Cezaevine giren çabuk unutuluyor. İçinde MİT'e ait malzemelerin
olduğu öne sürülen TIR'larda, ihbar üzerine yapılan aramalarla
ilgili olarak dönemin Adana Cumhuriyet Başsavcısı Süleyman
Bağrıyanık'ın, cumhuriyet savcıları Aziz Takçı'nın, Özcan
Şişman'ın, Ahmet Karaca'nın cezaevine konulmasının üzerinden tam
bir yıl geçtiğini ve onların halen Sincan Cezaevi'nde bulunduğunu
kaçımız hatırlıyoruz.
Onlar, tutuklanışının birinci yılına girdiği saatte, TIR'larla
ilgili haberleri yazan Cumhuriyet Gazetesi Genel Yayın Yönetmeni
Can Dündar, Ankara Temsilcisi Erdem Gül de aynı gün hapis
cezalarına çarptırıldı. Bununla kalınmadı, Dündar'a karardan kısa
süre önce silahlı saldırı oldu.
GİZLİ TANIKLAR YİNE SAHNEDE
Bu ülkede bir “gizli tanık terörü” var. Bunların söylediklerine
dayanarak, başka bilgi ve belgeye ihtiyaç duyulmadan insanların
hayatının karartıldığı dönemler yaşandı. “Ergenekon”un her şeyi
bilen, ne tempihleniyorsa onu savcıya söyleyen, mahkemede anlatan
gizli tanıkları unuttuk mu?
Bakıyorsunuz, son dönemde devam eden bazı davalarda yine “gizli
tanık”lar var. Jandarma Genel Komutanlığı'nda, 200-250 jandarma
personelinin 2014 yılında toplantılar yaptığı ve bunun üzerine
içinde MİT'in gönderdiği belirtilen malzemelerin yakalandığı
belirtiliyor.
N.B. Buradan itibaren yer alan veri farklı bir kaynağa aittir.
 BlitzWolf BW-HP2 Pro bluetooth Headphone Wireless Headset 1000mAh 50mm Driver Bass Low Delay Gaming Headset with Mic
Yakalamanın amacının “Türkiye'yi uluslararası alanda
zor duruma düşürme” olduğu belirtiliyor.
Gizli tanıkların ifadelerine dayanarak geçmişte yaşanan ve bugün
hepsinin “kumpas” olduğu davaların tekrarlanmaması dileğimizdir.
Geçmişte olduğu gibi 17-25 Aralık soruşturmalarını yürüten
savcısından polisine “şucu-bucu” damgası vuruldu vurulmasına ama o
iddialar “gerçek mi, değil mi?” araştırmasına gerek bile duyulmadı.
Sadece bir “darbe” lafı aldı yürüdü ve asıl üzerinde durulması
gereken konuların üstü kapatıldı. Unutmayalım, her dönemin bir
“çetelesi” tutulur. Gün gelir o dönem de yargıya taşınır.